We might consider 0.00001 ETH (approximately $0.02 at time of writing) as a reasonable transaction token to cover this fixed cost, so we would need 50,000 transactions per day for a particular application rollup to be worthwhile. Before EIP-4844, it was around $0.17 per transaction, and optimistically, after EIP-4844, it was $0.03 per transaction. We may add a small premium, so the (shared) sorter backing chain is economical.

So while something like Opclave is cool (I really like the idea, we're chatting with the Dogan team that we might incorporate this functionality into Eclipse rollup), it doesn't make much sense as a mainnet OP Stack chain . The constraint here is that the OP Stack chain is anchored on Ethereum, whose block space is expensive, and the intent of Optimism is to be consistent with Ethereum.

Given these unit economics, those small DeFi dApps and NFT projects don’t make much sense on their own chains. For these dApps, it might make sense to subsidize gas costs if the long-term unit economics of Ethereum L2 make sense for their dApps, or they might be willing to take the loss on their appchain.
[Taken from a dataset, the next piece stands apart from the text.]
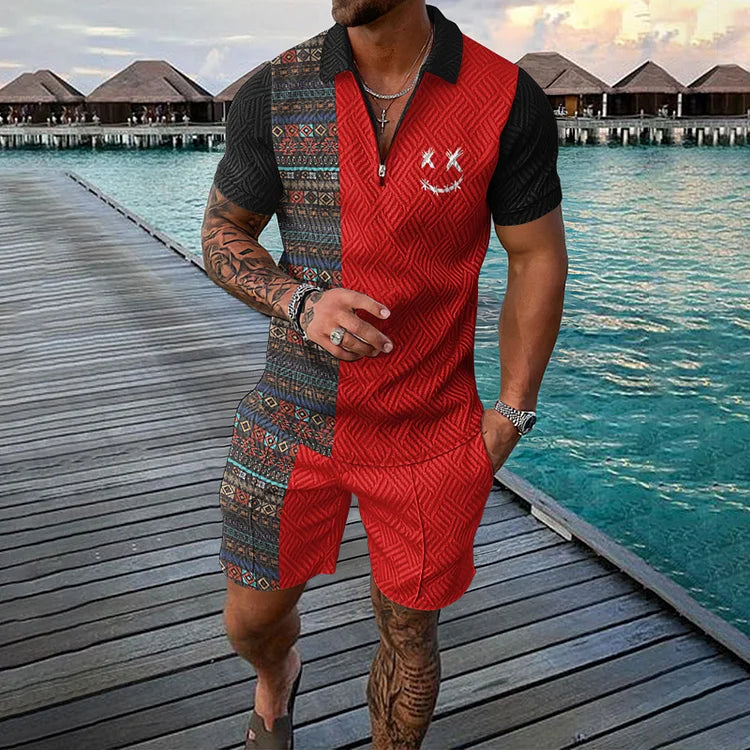Walter® | Combined Luxury Summer Set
If an app requires too much transaction volume, an Ethereum-pegged rollup won’t work either, as transaction fees of more than $0.01 may be too high. These types of apps will require a novel approach, such as the one Eclipse is building with our highly parallel virtual machines and sovereign rollup architecture.

(2) Customizable rollup must be constrained

As mentioned above, OP Hacks will not be included in Optimism’s Superchain. This makes sense because in order to properly settle or provide state ordering for rollups, we need some invariants to be true. Any modifications will need to be audited before supporting real economic value.

Another good reason to constrain application-specific rollups is to look at Cosmos adoption. The Cosmos SDK is very general, but it never sparked the huge number of different chains you might expect. This may be because the customization process requires too much technical complexity, or more likely because the long tail of the application is well suited to a small number of architectures. Domain-specific templates, on the other hand, can address common pain points across different verticals and provide a repeatable architecture.